What language do angelic programmers use?
Angels of Jean use Fortescue, a programming language developed by a team of Jean's best Elohite and Seraph programmers. Fully object-oriented, easily extensible, dynamic and with syntax approximating Angeltongue, Fortescue is what every human programming language aspires to be. To develop Fortescue, Jean even got Blandine's permission to consult with a number of IT luminaries in their dreamscapes about important features and issues that the development team would have to consider.
A Fortescue program compiles into a small package which is always platform-specific -- although any Fortescue program will run on one of Jean's computers, regardless of its target platform! When it is absolutely necessary to port a package onto another platform, a special program named Morph is used. Morph decompiles the program and recompiles it for use on the new platform. The resulting package, whether compiled by Fortescue or recompiled by Morph, always runs at maximum efficiency -- even bad or excessively lengthy algorithms are shortened by the compilation process. Fortescue compilers exist for every platform and every OS ever developed (even obscure and little-known ones), and a few more are under development for OSs and platforms that are still to come. A sizable team of relievers and Heaven-bound angels ensure that Fortescue remains constantly up-to-date and available to everyone through download on JeanNet.
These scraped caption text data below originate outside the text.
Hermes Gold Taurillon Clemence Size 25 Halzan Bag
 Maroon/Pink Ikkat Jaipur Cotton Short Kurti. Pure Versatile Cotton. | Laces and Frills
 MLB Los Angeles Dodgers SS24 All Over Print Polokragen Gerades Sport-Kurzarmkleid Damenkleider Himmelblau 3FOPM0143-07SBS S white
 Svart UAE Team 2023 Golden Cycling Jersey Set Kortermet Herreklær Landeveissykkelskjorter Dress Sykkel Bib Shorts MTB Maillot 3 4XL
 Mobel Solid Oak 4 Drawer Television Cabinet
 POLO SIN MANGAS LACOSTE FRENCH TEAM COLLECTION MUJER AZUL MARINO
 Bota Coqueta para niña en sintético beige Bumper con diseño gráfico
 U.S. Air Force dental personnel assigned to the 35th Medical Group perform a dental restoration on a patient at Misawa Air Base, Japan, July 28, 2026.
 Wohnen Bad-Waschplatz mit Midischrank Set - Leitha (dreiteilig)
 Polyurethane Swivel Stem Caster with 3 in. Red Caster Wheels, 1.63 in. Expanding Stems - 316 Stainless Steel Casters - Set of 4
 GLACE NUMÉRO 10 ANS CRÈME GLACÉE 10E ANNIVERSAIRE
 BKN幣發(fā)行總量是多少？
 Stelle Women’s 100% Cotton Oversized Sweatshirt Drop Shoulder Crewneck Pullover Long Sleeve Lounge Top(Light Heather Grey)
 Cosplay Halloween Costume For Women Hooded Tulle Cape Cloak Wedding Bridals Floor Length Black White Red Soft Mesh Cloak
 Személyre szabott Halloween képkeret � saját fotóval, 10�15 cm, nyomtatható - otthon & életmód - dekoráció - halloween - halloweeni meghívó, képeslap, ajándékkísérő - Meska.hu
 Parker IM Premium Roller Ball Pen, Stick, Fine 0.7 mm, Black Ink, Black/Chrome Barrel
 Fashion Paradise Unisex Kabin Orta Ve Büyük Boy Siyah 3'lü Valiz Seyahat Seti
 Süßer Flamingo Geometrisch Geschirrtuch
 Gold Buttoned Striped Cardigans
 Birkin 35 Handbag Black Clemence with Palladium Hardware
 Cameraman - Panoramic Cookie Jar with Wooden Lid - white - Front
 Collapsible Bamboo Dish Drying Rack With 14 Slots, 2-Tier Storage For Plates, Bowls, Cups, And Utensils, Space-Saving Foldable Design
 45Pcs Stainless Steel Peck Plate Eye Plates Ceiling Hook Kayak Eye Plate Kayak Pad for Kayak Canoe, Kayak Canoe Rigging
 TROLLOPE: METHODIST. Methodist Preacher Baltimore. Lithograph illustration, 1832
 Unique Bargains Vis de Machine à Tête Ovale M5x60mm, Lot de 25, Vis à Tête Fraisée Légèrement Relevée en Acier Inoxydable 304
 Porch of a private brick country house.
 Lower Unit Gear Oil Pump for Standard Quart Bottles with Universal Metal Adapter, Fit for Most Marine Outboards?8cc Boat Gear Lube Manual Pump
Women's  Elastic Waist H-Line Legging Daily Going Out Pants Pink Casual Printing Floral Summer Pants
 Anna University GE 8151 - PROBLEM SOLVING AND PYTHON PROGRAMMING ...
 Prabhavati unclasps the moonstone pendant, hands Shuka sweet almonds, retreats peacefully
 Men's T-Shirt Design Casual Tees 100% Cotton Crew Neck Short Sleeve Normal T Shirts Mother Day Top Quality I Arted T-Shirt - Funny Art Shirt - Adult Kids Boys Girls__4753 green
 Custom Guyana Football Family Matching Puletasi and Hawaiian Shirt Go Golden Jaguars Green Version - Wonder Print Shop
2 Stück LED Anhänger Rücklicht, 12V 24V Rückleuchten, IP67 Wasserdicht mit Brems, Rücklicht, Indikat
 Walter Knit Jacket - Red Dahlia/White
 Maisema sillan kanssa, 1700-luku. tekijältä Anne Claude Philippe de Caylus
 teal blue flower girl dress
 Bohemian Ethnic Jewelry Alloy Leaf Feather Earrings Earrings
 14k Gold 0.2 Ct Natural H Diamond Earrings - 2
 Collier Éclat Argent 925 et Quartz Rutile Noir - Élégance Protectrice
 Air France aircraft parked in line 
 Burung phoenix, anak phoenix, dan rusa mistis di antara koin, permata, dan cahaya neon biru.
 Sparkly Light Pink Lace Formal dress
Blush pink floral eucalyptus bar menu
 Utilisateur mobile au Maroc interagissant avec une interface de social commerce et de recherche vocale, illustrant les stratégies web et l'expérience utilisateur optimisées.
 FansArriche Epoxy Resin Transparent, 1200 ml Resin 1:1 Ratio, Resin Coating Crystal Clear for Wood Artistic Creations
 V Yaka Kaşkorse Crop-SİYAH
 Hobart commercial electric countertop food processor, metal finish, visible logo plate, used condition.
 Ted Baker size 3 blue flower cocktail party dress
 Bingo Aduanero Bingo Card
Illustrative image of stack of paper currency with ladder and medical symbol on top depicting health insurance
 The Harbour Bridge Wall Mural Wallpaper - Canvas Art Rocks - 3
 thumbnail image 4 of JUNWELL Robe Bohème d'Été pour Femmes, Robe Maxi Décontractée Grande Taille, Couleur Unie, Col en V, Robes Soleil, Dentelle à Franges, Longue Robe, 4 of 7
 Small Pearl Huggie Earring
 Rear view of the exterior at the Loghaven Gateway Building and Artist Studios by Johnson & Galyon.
A visual interface, developed by a team of Jean's Mercurians, is being distributed along with the Fortescue Development Kit. Dubbed Visual Fortescue, the new interface makes programming much easier...although old-timers claim that they prefer the old command-line interface. Lab tests show that code generated by Visual Fortescue is comparable in size and data footprint to that generated by regular Fortescue -- something that Jean was adamant about when the Mercurians pitched the idea to him.
Under top-priority development in the Halls of Progress are object libraries which will allow the addition of features approximating angelic resonances and Songs to programs written in Fortescue. The first of these libraries is currently under beta testing as a critical component in TAINT_SEARCH.EXE, one of Jean's projects and an electronic artifact. Even Jean's Elohim are experiencing difficulty working out the complex algorithms involved in this project, however, so it is highly unlikely that these libraries will be finished anytime soon.
Because Jean makes it so widely available, it is not dissonant for angels of Lightning to allow a human to get a copy of a program written in Fortescue, or even a copy of the Fortescue Development Kit. Most living humans don't understand angelic anyway, and the syntax absolutely requires that the programmer think in Angeltongue. It is for this reason that demons gain dissonance for programming in Fortescue! It's rumored that a copy of the FDK is sitting in a server somewhere in Virginia, being puzzled over by human programmers unable to make use of it.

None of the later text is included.